There is something special about being given the opportunity to spend a solid week working side by side with a group of young adults, all the while teaching, coaching, and imparting as much knowledge as possible in an effort to prepare them for the months to come. There are few things like witnessing that “Ah ha!” moment when something just clicks in a person’s brain and you know that they not only understand how to do something but more importantly, the “why” behind it.

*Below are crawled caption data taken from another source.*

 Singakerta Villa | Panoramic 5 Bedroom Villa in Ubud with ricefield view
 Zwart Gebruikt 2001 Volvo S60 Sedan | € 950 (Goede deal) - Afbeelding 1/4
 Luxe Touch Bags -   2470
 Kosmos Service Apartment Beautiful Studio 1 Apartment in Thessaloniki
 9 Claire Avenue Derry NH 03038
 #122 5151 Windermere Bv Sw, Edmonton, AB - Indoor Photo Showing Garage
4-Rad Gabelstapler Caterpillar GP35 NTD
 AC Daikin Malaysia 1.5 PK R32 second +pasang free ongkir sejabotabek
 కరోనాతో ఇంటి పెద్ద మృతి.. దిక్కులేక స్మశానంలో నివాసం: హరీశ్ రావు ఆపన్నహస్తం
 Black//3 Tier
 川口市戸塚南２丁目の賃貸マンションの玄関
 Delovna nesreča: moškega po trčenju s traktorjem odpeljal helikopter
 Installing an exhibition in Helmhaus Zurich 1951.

This past week we were training staff on our Sequoia Adventure Course. The course is essentially a large obstacle course, suspended about 30-80 feet up in the redwoods with breath-taking views of the trickling creek and lush forest below. In addition to its gorgeous location, the Sequoia Adventure Course offers a variety of activities with a wide range of difficulty and therein lays its true beauty. One minute you may be relaxing in a large cargo net, and the next you could have the opportunity to leap for a hanging rope like the king of the jungle with your heart ready to pound right out of your chest. The element of choice our guests are given in regard to which activities they choose to attempt or not on our Sequoia Adventure Course can be an amazing teaching tool for all ages, especially when the choices guests make don’t always work out the way they were expecting them to.
A key part of our course training revolves around the concept of assisting guests when they find themselves in situations they just can’t seem to get out of on their own. Sometimes that assistance comes in the form of an encouraging or instructional word, and other times it may mean providing some physical support with a hand or even some other helpful piece of gear. Regardless, guests are usually very apologetic and quite sheepish when finding themselves in such situations, especially when the physical support is needed and the rescue gear comes out. During the rescue portions of our training, I found myself cautioning our staff over and over with this bit of information; “when going out to assist a guest on an activity, their first words will almost always be ‘I’m sorry.’” No matter how adventurous or physically fit they may be; no matter how nervous or justifiably scared they are, you will almost always hear a profuse apology as soon as you get out on the line with them. Saying this to our staff over and over got me thinking though; how true is that for all of us in life? We often find ourselves in new and unfamiliar situations, and yet we have such a hard time giving ourselves the grace to make mistakes and then learn from them.
This idea of grace can make all the sense in the world when dealing with others, and yet when it comes to how we handle ourselves, grace can be the most elusive of concepts. Our world can move so quickly and be so incredibly busy that we forget or ignore the fact that we are always continuing to grow and learn in our own lives. We have a tendency to put such high expectations on ourselves in terms of our work, our families, and even our faith that it makes it impossible to succeed by our standards. It’s almost as if we stack the deck against ourselves. Whether it be the desire to have a picture perfect family with the most well-behaved kids in the neighborhood or the notion that you should be able to flawlessly traverse a vertical cargo net hanging 80 feet up in the air on your first attempt, we don’t give ourselves the grace we need, and more importantly, the grace God calls us to. And there, high up in a redwood tree in the middle of my rescue training with 14 young adults, I was reminded that it’s not our standards that mean a thing, but rather it’s God’s standards that mean everything.
In our busy culture today it is incredibly difficult for us to accept God’s grace and the love that he so freely gives. Where is He calling you to give grace today?